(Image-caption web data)
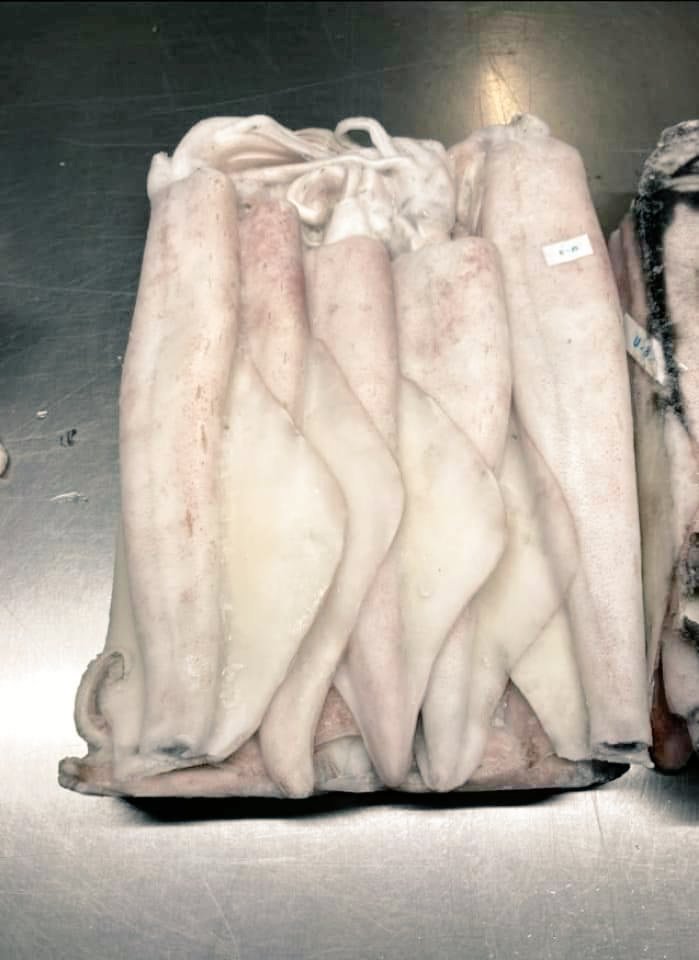 HSITCSales's tweet photo. #SQUID Frozen #IQC 🦑 from #Morocco #Mediterranean Sea
Loligo vulgaris
Size 400grs /600
€5.200 per MT CFR
MOQ 2 FCL 40FT monthly 
Payment Terms 
TT 30%/70%/DLC MT 700 Transferable top bank 25
Contact Whatsapp 👇🏻
https://t.co/srqHSvBGfj
#china #Europe #Brasil #usa #africa #asia https://t.co/DHHeSu84R3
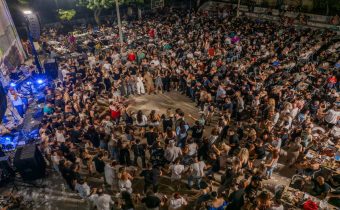 Τεράστια Επιτυχία το «Καλοκαιρινό Αντάμωμα» του ΦΑΡΟΥ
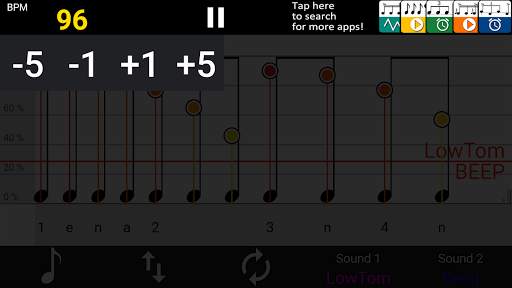 Drum Dynamic Player screenshot 3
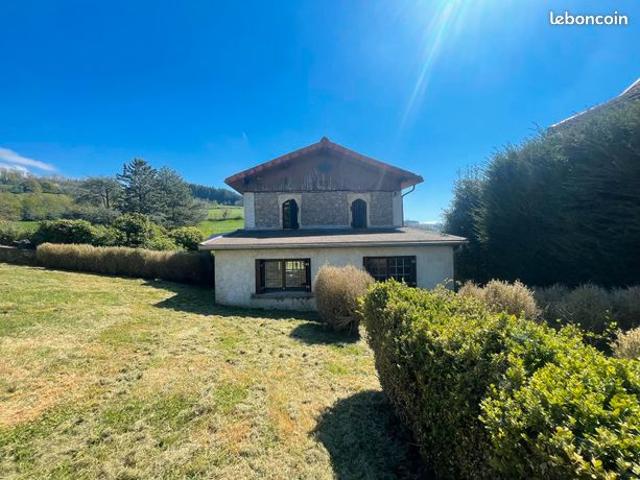 Maison 3 pièces 41 m²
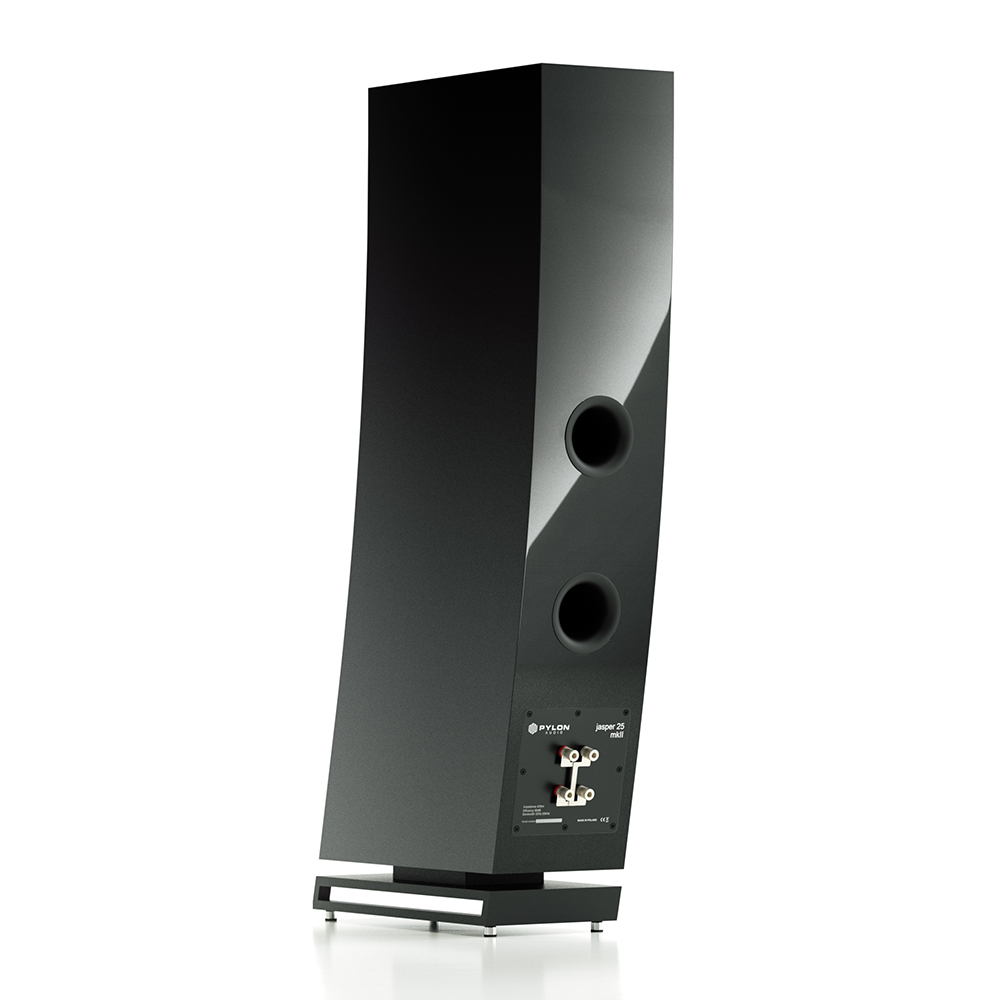 Активная напольная акустика Pylon audio Jasper 25 MK II Black HG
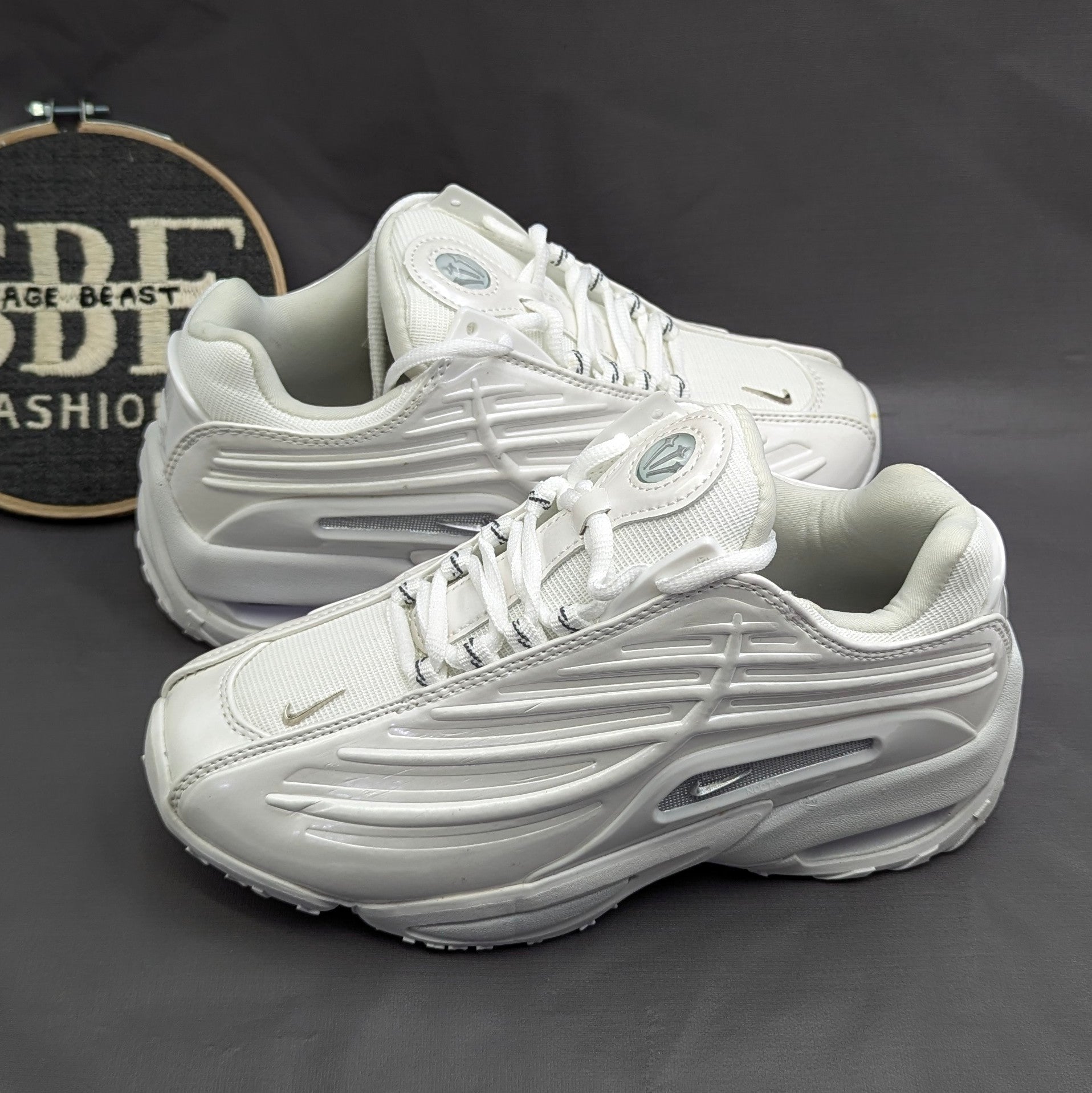 NOCTA HOT STEP 2 WHITE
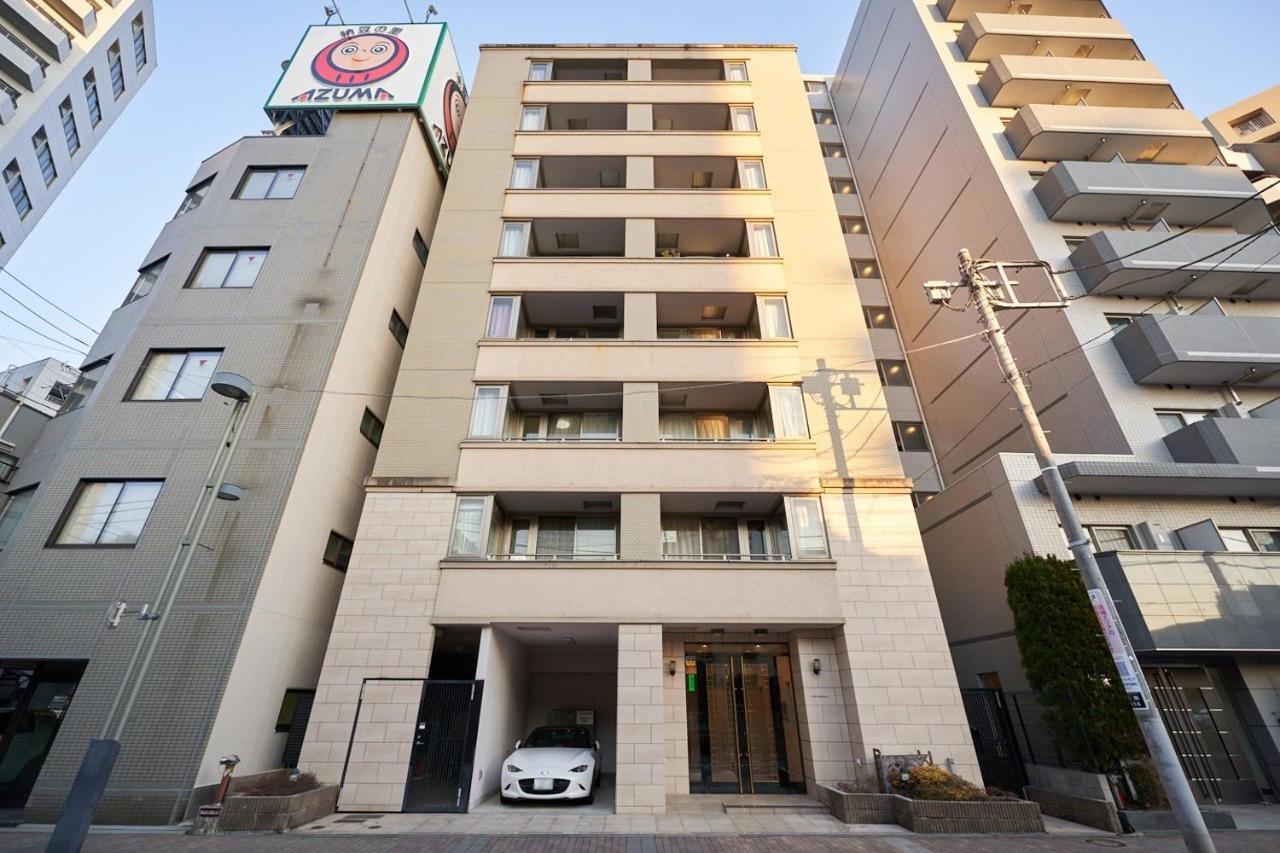 Luce Takanawa Präfektur Tokio Exterior foto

### WORK ORDER
Transcribe exactly, and only, the lines from the one with "#china #Europe #Brasil" through the final line of the data above. The pictures stay out.

### WRITTEN ANSWER
#china #Europe #Brasil #usa #africa #asia https://t.co/DHHeSu84R3
 Τεράστια Επιτυχία το «Καλοκαιρινό Αντάμωμα» του ΦΑΡΟΥ
 Drum Dynamic Player screenshot 3
 Maison 3 pièces 41 m²
 Активная напольная акустика Pylon audio Jasper 25 MK II Black HG
 NOCTA HOT STEP 2 WHITE
 Luce Takanawa Präfektur Tokio Exterior foto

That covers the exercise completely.